If you can stomach the language, I highly recommend Lewis Black's latest HBO Comedy Special, Red, White, and Screwed. Not only because Black does his usual fantastically scathing rants about the state of politics today, but also because of his excellent reflections on the Christian appropriation of the Hebrew Scriptures. Reflecting on George Bush's comment, for instance, that "the jury is still out on evolution," Black remarks caustically that Christians simply do not understand Hebrew Scriptures. "If you get confused by something in the 'Old Testament,'" he offers, "then why not ask one of the Jews who walk among you?" His comments are brilliant and serve as a profound warning to tread carefully and respectfully when it comes to biblical interpretation.

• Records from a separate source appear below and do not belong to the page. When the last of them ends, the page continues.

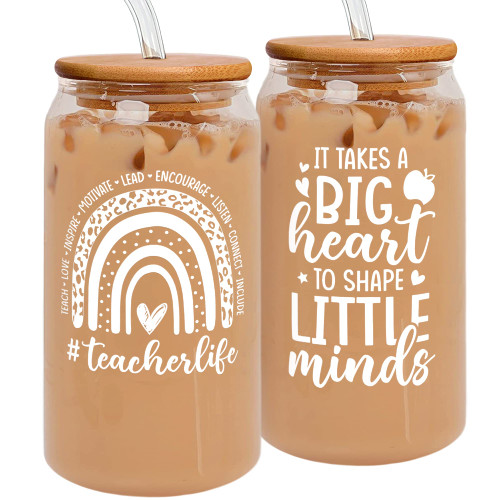 Teacher Appreciation Gifts - Teacher Gifts For Women - Gifts for Teachers Women - Thank You Teacher Gifts, Teacher Birthday Gifts, Teacher Appreciation Week, End of Year Teacher Gifts - Can Glass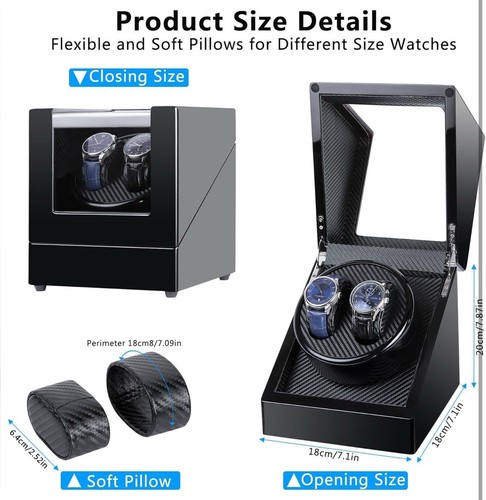 Kalawen Automatic Watch Winder Box, Double Watch Winder for Rolex with Japane... - Picture 5 of 11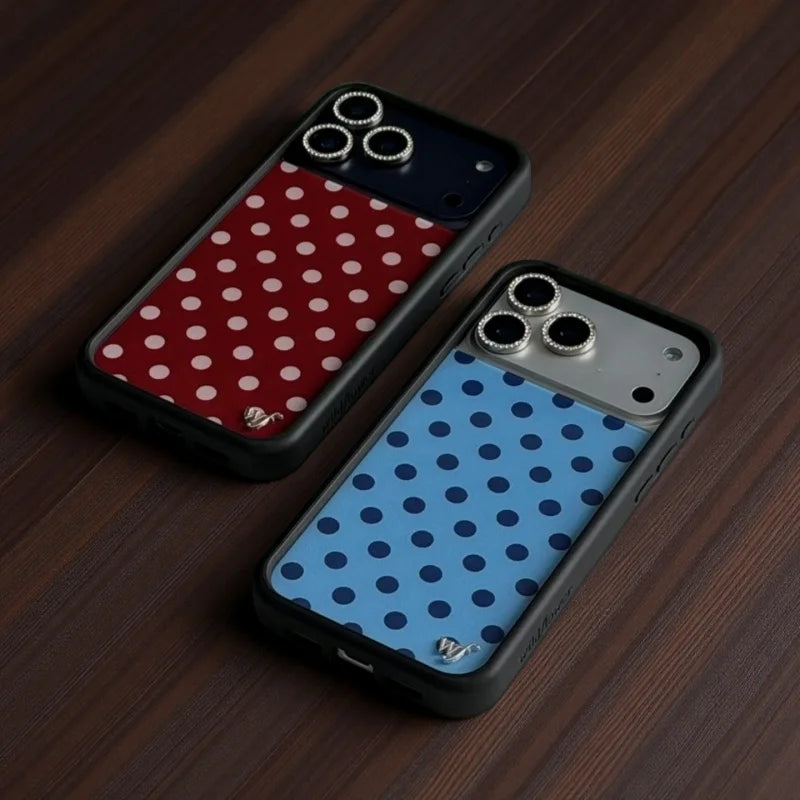 Blue Red Wildflower 3D Polka Dots Phone Case For iPhone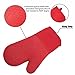Heat Resistant Kitchen Oven Mitts 500 F With Non-Slip Silicone Cotton Set of 2,Oven Gloves and Pot Holder for BBQ Cooking Baking Grilling Barbecue Microwave Machine Washable Red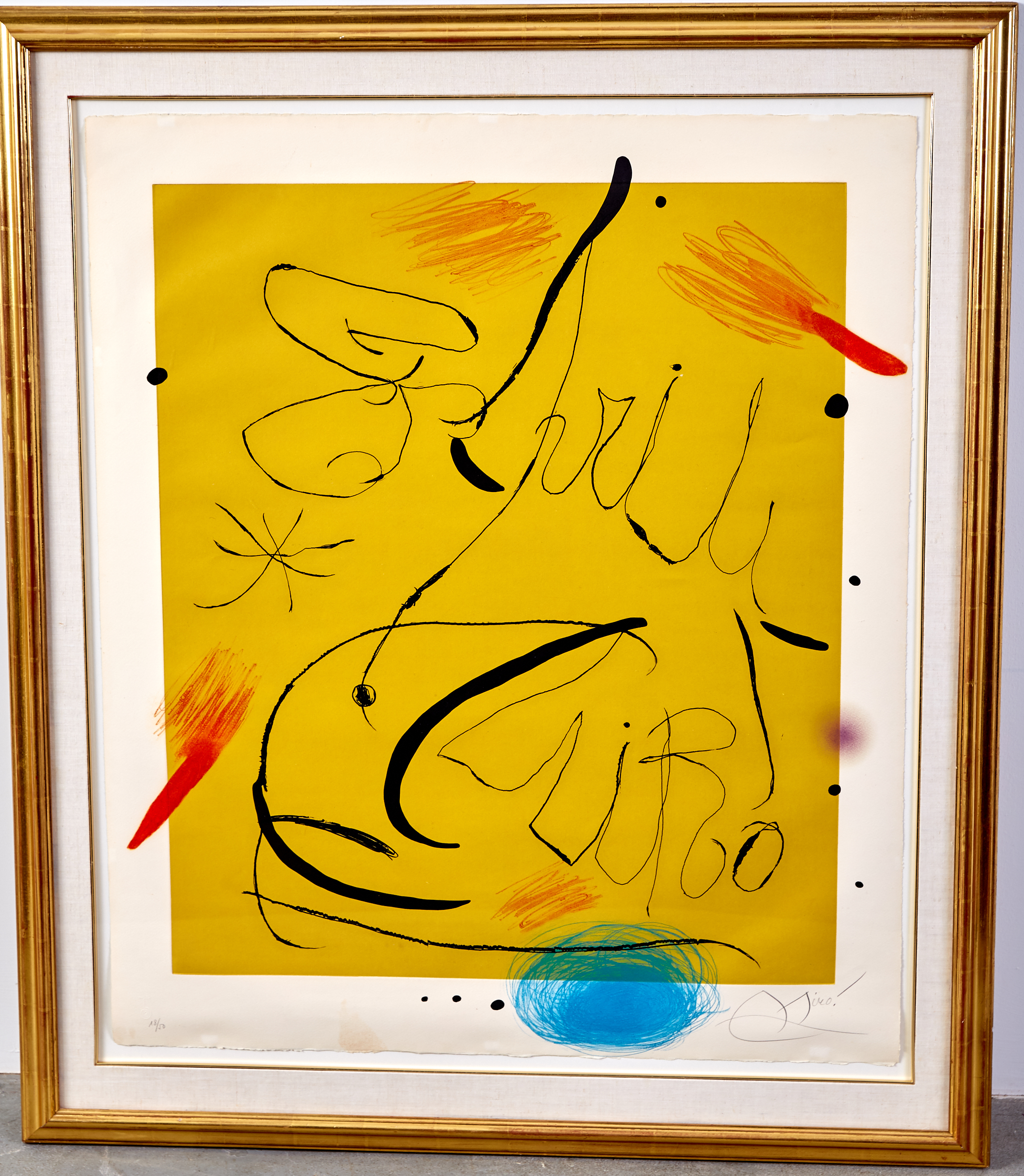 Joan Miro Espriu Aquatint Etching on Paper 1975 D.877 - Image 2 of 4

Speaking of stomaching the language, Black's routine includes his reflections on being asked to be the keynote at the Congressional Correspondents Dinner. After reluctantly agreeing to accept the invitation, "because my parents made me," Black receives the instruction that he cannot use bad language in his routine for that event. (Just to give you an idea of how well-seasoned his work usually is, Black had to switch venues for this HBO Special away from the Kennedy Center because upon review of his last special, the Kennedy Center was troubled that he used the f-word 42 times). Black was astounded that the leaders of our country would be so sensitive that they could not handle "bad language." "The man who declared to the world's terrorists to 'bring it on,' which, by the way, was the single-most stupid public statement ever made," Black rails about the president, "is too delicate to hear 'bad language?'" Switching into a groveling tone, he mocks, "Why didn't he just say 'poopy'? Why didn't he just say 'poopy'?!"
Black takes issue that in today's world there is any such thing as 'bad language.' He suggests it's our only alternative to physical violence when faced with the frustrations and rage at our world's injustices. His point, I think, is that the bourgeois love of all things decent all too often glosses over what is most indecent about our world.
While I don't entirely agree with him on this count, I do think he makes an excellent point in this case. While I believe language carries the power to shape the world--so that in some sense it can be equally as violent as any physical action--I think he is right, absolutely right, to expose the hypocricy of our "decent" ruling class.